I like the idea of being able to specify the encoding per document template. Many templates can be included in a single page. We might be able to build on a similar idea that is built into the clay markup parser.
The clay HTML template parser has a couple special tokens that it used to block out a markup that should be excluded form the document. These tokens are in the form of comments. <!-- ### clay:remove ### --> <html> exclude this text <!-- ### /clay:remove ### --> These special comments and the markup between is ignored - dropped from the document. What if we used another special comment token that operates like a page directive? <!-- ### clay:page charset="UTF-8" / --> This comment would have to be in the first few bytes of the template document. The top of each template could be sniffed for this token. If it exists, extract the charset and open the target template with the specified encoding. Reading each template file would be broken down into two steps. 1) Look at the top of the template for the token comment containing the charset. If not found, use the vm's default "file.encoding". 2) Read the template in with the determined encoding Does is this a sound plan? Any thoughts? This sounds like a good idea.

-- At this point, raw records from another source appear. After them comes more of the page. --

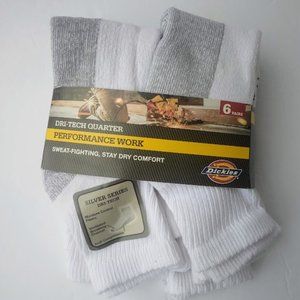 Men's Dickies 6-pk. Dri-Tech Comfort Moisture-Control Quarter Crew Socks 6-12
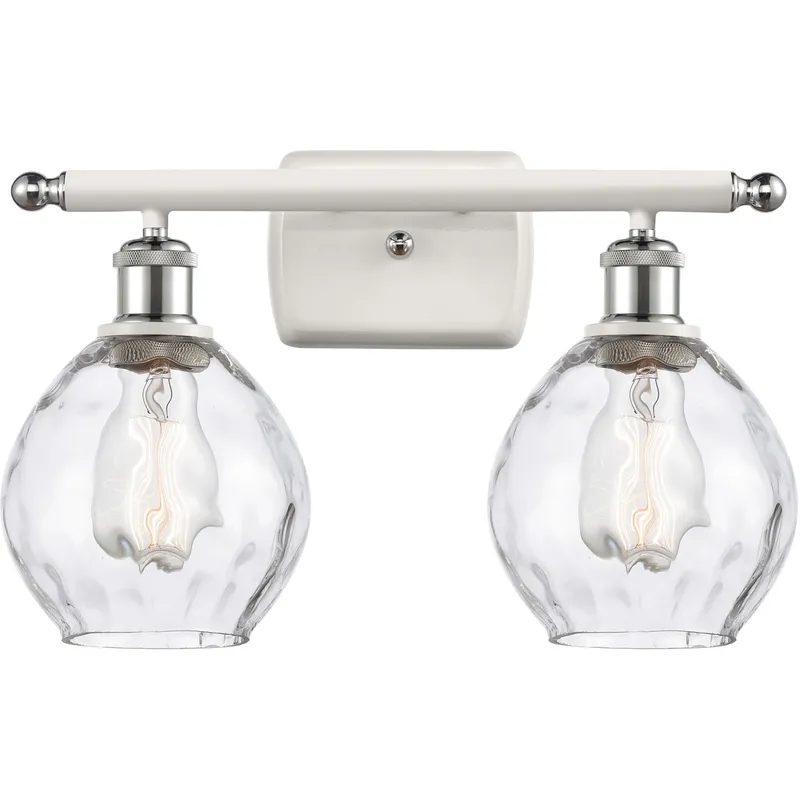 Ballston Small Waverly LED 16 inch White and Polished Chrome Bath Vanity Light Wall Light, Ballston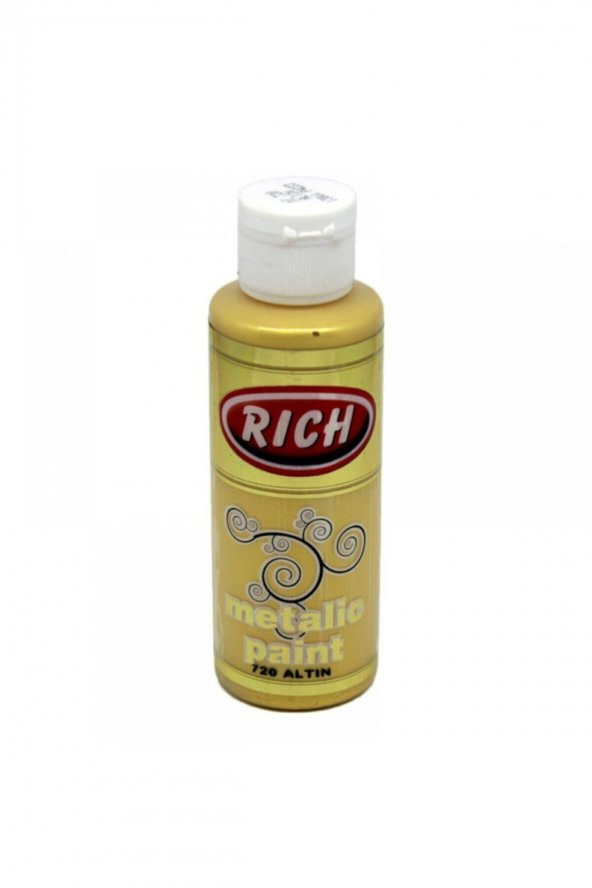 Rich Akrilik Boya Metalik 120 CC Altın 0720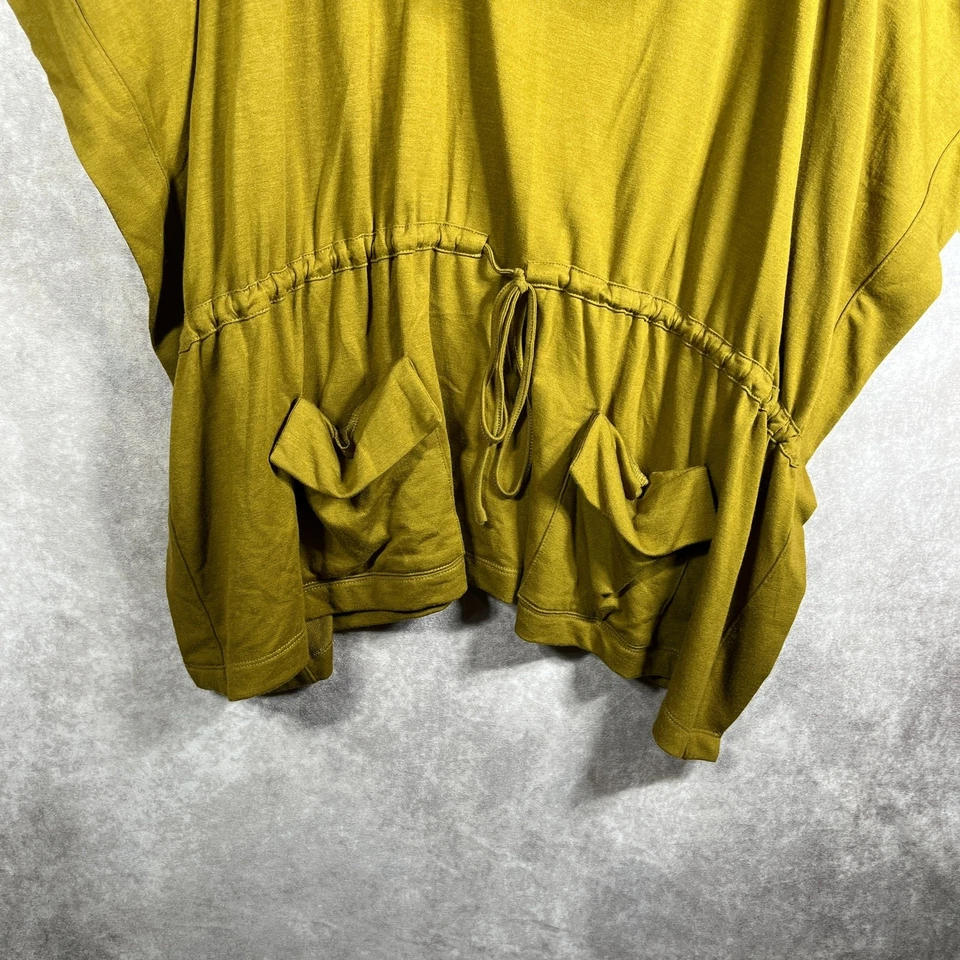 Top Silence+Noise para mujer talla XS/S verde capucha cuello cintura ceñida mangas dolman Foto 4 de 4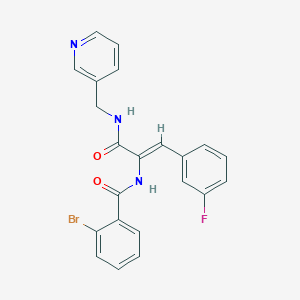 2-bromo-N-{(1Z)-1-(3-fluorophenyl)-3-oxo-3-[(pyridin-3-ylmethyl)amino]prop-1-en-2-yl}benzamide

However, It would be nice to have an extra application wide config option for loading html templates. The proccessing would look like this: 1) Look at the top of the template for the token comment containing the charset. If not found, 2) look for the app wide config option for template encoding. If found use the encoding for reading the template, If not found use the vm's default "file.encoding". 3) Read the template in with the determined encoding This way one could have all the templates in a given encoding and unless there was <!-- ### clay:page charset="UTF-8" / --> directive at the top of the file, they would be read with the default encoding set in web.xml and one wouldn't have to define this config in each and every template file. If no <!-- ### clay:page charset="UTF-8" / --> directive was defined in web.xml (null) then clay would fall back to vm'a default file.encoding How about this? This is the first try at resolving this issue. It will be available in the shale-framework-20060928 nightly build. You can find it here: http://people.apache.org/builds/shale/nightly/.
To summarize the changes based on your notes the encoding is now determined with the following steps: 1) Look at the top of the template for the token comment containing the charset. For example: <-- ### clay:page charset="UTF-8" /### --> 2) If not found, look for the app wide config option for template encoding. If found use the encoding for reading the template. For example: <context-param> <param-name>org.apache.shale.clay.HTML_TEMPLATE_CHARSET</param-name> <param-value>UTF-8</param-value> </context-param> 3) If not found use the vm's default "file.encoding". 4) Read the template in with the determined encoding Tom, I'm going to leave this open until you have a chance to verify. I have tried the updated clay version with html templates.
I experimented with -Dfile.encoding (system encoding setting), org.apache.shale.clay.HTML_TEMPLATE_CHARSET context init parameter and <-- ### clay:page charset="UTF-8" /### --> and everything works as expected so I guess this issue can be closed. Thanks Gary :-) The examples and your input really made the difference on this one. Thanks for the help Tom.